The code governing UK food and drink advertising targeting children is to be tightened after pressure from the government.

Culture, media and sport secretary Tessa Jowell has asked new communications regulator Ofcom to toughen advertising guidelines in order to combat the "growing crisis of obesity in children".

Speaking to UK newspaper The Guardian, Jowell hit out at the "inadequate code" currently in operation. She has decided to back tougher ad regulations "in the light of the emerging evidence about the impact of advertising."

The promotion of unhealthy snacks during children's TV programmes has come under fire as authorities face up to Britain's growing obesity problem. Around 15% of 15-year-olds are now officially classed as 'obese'.

The government's Food Standards Agency has repeatedly asserted that advertising must bear some of the blame.
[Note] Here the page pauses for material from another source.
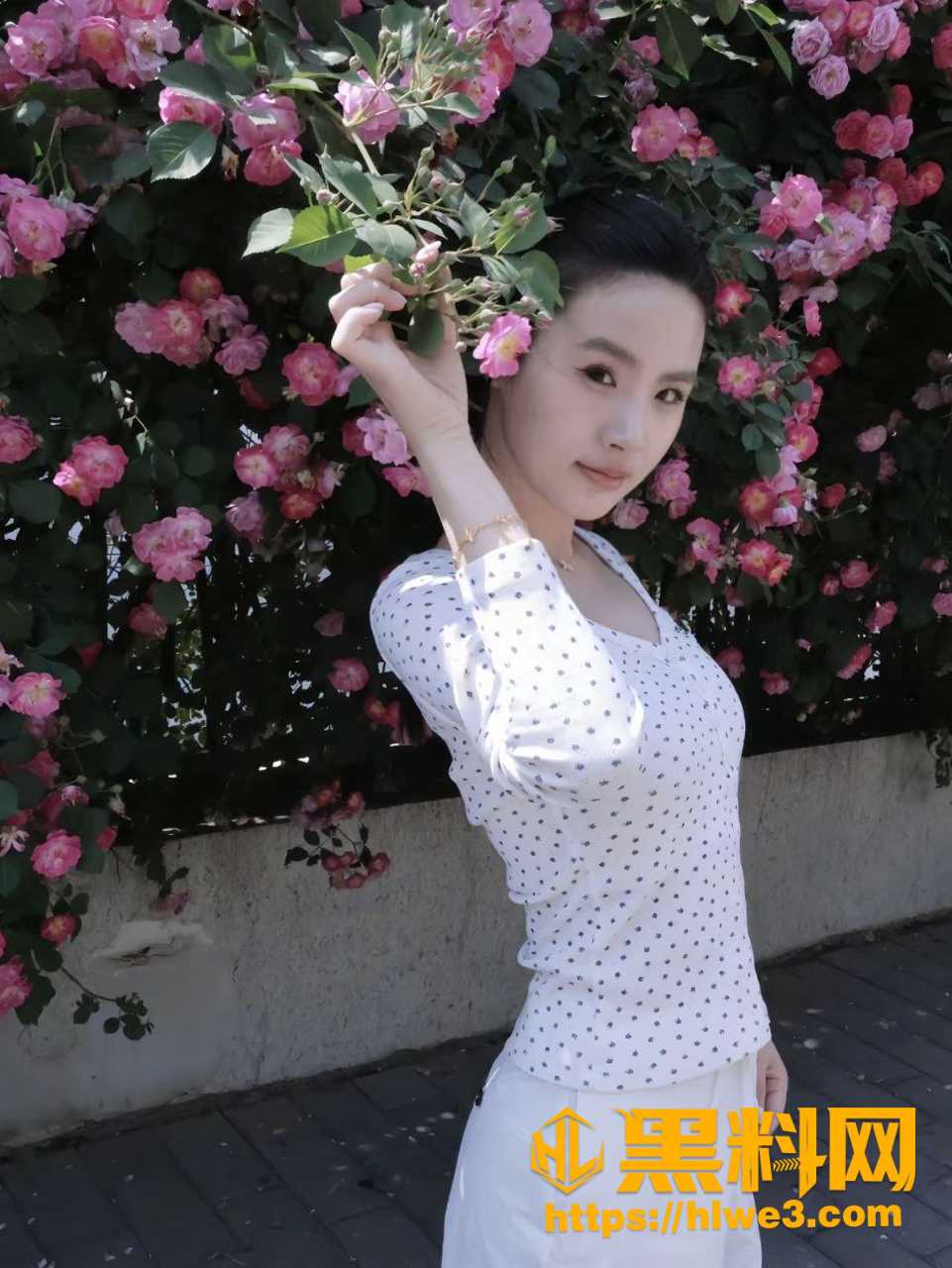 李佳怡宝调教视频流出1
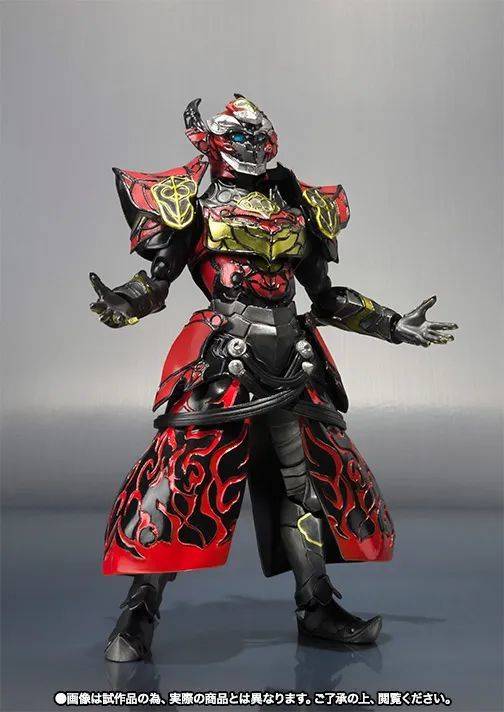 假面骑士铠武中发售的就是勋爵巴隆shf了,当时发售的价格是6600日元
It is currently consulting the industry and is expected to complete its review in the new year.

Food marketers, however, have vigorously defended themselves, arguing that obesity is a result of lack of exercise rather than higher calorie intake.

Industry group the Food & Drink Federation blasted Jowell's plans to tighten the ad code, pointing to existing guidelines overseen by the Independent Television Commission and the Advertising Standards Authority. "There is already a strict code in existence which the food and drink industry has an exemplary record of obeying," it argued.

Despite these comments, advertisers will be pleased that Jowell has stopped short of advocating a blanket ad ban, an option favoured by some campaigners. Nevertheless, the minister warned that the food industry had to act in the public interest if it is to avoid this course of action.